Moving Forward: Strategic Adaptation
AB 692 California trucking regulations represent a significant shift in employment law, reaching deeply into how transportation industries recruit, train, and retain workers.
For trucking employers, compliance requires more than quick contract edits. It demands rethinking the old “we pay, you stay” model. Companies that adapt quickly by investing in genuine driver development, creating supportive work environments, and building retention strategies based on positive workplace culture rather than contractual obligations may find themselves with competitive advantages.
On the flip side, AB 692 offers drivers, especially those in demanding fields like trucking, greater freedom and protection from exploitative debt-based agreements. In an industry where the human element remains irreplaceable, treating drivers as valued professionals rather than contractual obligations may prove the best business strategy.
If you’re a carrier, recruiter, or fleet manager working with or in California, now is the time to plan.

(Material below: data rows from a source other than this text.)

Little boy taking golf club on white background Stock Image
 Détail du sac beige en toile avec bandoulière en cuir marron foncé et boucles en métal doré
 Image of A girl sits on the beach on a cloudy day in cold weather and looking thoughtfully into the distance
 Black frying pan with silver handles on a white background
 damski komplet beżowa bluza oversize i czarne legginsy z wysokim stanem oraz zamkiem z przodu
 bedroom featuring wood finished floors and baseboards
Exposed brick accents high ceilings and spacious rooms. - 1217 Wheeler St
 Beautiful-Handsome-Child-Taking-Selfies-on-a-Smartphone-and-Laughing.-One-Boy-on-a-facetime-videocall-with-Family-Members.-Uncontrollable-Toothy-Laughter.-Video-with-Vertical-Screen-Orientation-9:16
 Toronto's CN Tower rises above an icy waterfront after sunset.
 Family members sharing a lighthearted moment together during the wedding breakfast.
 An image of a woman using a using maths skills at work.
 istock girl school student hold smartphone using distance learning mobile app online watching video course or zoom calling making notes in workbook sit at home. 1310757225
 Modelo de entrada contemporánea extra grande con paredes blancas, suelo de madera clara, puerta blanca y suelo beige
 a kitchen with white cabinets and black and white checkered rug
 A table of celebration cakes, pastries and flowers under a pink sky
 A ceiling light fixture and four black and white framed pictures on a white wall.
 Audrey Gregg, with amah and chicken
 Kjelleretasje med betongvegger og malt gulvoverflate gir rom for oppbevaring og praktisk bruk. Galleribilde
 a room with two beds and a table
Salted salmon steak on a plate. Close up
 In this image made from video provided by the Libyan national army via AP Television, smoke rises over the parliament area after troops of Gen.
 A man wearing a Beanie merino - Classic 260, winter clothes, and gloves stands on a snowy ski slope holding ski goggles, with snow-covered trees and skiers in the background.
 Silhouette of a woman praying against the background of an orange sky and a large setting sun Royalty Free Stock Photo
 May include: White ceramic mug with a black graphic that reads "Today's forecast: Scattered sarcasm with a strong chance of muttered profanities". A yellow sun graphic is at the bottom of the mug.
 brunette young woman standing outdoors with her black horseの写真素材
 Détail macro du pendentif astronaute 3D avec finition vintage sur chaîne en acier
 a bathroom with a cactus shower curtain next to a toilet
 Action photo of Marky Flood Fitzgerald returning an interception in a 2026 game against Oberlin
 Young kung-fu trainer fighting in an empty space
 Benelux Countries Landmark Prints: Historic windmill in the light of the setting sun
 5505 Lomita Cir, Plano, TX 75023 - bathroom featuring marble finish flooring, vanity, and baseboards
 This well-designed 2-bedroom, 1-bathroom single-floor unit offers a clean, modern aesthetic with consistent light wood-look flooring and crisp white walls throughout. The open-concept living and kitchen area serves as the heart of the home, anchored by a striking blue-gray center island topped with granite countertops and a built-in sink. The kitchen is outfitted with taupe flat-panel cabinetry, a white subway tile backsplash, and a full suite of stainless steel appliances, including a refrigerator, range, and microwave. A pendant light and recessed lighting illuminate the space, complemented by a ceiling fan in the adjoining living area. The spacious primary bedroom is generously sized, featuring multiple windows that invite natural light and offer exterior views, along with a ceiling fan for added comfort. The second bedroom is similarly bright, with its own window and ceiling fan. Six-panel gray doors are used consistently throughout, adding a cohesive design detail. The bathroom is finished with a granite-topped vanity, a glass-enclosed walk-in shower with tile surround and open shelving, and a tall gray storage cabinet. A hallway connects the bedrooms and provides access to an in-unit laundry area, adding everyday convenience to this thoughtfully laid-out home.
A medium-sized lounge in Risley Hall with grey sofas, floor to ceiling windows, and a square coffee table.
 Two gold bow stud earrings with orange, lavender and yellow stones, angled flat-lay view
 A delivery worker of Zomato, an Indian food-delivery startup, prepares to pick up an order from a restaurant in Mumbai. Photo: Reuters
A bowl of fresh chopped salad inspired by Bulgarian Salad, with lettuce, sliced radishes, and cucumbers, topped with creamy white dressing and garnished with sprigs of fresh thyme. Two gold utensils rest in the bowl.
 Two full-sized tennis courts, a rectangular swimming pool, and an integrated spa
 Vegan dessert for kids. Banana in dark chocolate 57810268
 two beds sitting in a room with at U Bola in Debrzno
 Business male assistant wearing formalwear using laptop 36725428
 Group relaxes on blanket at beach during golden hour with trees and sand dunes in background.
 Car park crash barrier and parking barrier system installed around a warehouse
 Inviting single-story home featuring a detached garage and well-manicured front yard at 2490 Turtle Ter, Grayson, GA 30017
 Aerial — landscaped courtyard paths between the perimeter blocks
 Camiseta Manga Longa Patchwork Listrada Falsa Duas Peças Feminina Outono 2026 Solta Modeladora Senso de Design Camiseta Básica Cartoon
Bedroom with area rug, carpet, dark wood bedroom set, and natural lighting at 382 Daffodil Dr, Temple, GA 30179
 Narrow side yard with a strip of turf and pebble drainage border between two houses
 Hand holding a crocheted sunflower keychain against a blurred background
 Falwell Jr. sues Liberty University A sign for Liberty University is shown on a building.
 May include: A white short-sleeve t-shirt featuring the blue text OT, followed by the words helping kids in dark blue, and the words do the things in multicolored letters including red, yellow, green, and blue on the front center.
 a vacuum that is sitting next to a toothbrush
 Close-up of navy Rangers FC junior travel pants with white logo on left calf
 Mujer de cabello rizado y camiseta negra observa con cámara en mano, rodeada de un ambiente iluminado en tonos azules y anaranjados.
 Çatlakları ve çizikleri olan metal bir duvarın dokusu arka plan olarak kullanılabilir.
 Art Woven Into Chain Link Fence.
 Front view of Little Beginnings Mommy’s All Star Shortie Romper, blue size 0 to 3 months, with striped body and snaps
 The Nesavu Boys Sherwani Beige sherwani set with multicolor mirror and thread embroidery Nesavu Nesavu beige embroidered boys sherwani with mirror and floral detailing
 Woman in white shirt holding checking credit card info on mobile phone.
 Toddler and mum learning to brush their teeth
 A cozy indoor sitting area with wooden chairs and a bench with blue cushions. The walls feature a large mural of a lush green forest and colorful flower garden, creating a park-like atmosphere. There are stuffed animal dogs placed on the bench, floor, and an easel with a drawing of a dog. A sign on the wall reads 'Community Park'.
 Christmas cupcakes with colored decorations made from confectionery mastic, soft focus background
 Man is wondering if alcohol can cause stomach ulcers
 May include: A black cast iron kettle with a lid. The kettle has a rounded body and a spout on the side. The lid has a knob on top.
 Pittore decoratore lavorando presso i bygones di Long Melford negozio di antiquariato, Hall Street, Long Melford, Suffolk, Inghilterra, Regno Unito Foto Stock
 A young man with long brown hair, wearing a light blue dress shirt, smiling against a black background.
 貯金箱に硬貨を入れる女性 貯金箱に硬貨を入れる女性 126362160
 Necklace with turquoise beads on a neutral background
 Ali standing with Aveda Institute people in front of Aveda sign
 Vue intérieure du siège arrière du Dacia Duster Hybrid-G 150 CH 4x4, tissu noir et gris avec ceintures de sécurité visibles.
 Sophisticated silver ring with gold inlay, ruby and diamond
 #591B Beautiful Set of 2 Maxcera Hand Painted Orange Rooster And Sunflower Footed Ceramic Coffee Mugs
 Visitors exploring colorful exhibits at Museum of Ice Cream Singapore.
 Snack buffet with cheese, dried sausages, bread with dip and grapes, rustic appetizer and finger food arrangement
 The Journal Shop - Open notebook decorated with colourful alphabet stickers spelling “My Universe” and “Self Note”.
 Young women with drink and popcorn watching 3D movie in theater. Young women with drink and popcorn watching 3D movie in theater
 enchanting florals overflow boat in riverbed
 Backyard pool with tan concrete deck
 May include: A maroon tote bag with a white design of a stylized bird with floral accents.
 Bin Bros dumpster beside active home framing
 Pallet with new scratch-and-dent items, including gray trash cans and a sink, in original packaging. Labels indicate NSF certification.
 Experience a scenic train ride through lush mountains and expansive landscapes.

Review, revise, and rebuild your incentive and training-cost structures. The alternative isn’t just legal risk, it could hamper recruitment, retention, and workforce trust.
IMPORTANT LEGAL DISCLAIMER:
This article is for general informational and educational purposes only and does not constitute legal advice. AB 692 involves complex legal requirements with significant compliance obligations and penalties. Every trucking company’s situation is unique, and the information provided here may not apply to your specific circumstances.
Before making any changes to your employment contracts, training agreements, bonus structures, or retention programs, you should consult with a qualified employment law attorney who is familiar with California labor law and can provide specific advice tailored to your business operations. Do not rely solely on this article when making legal or business decisions regarding AB 692 compliance.
The authors and publishers of this article are not responsible for any actions taken or not taken based on the information provided herein.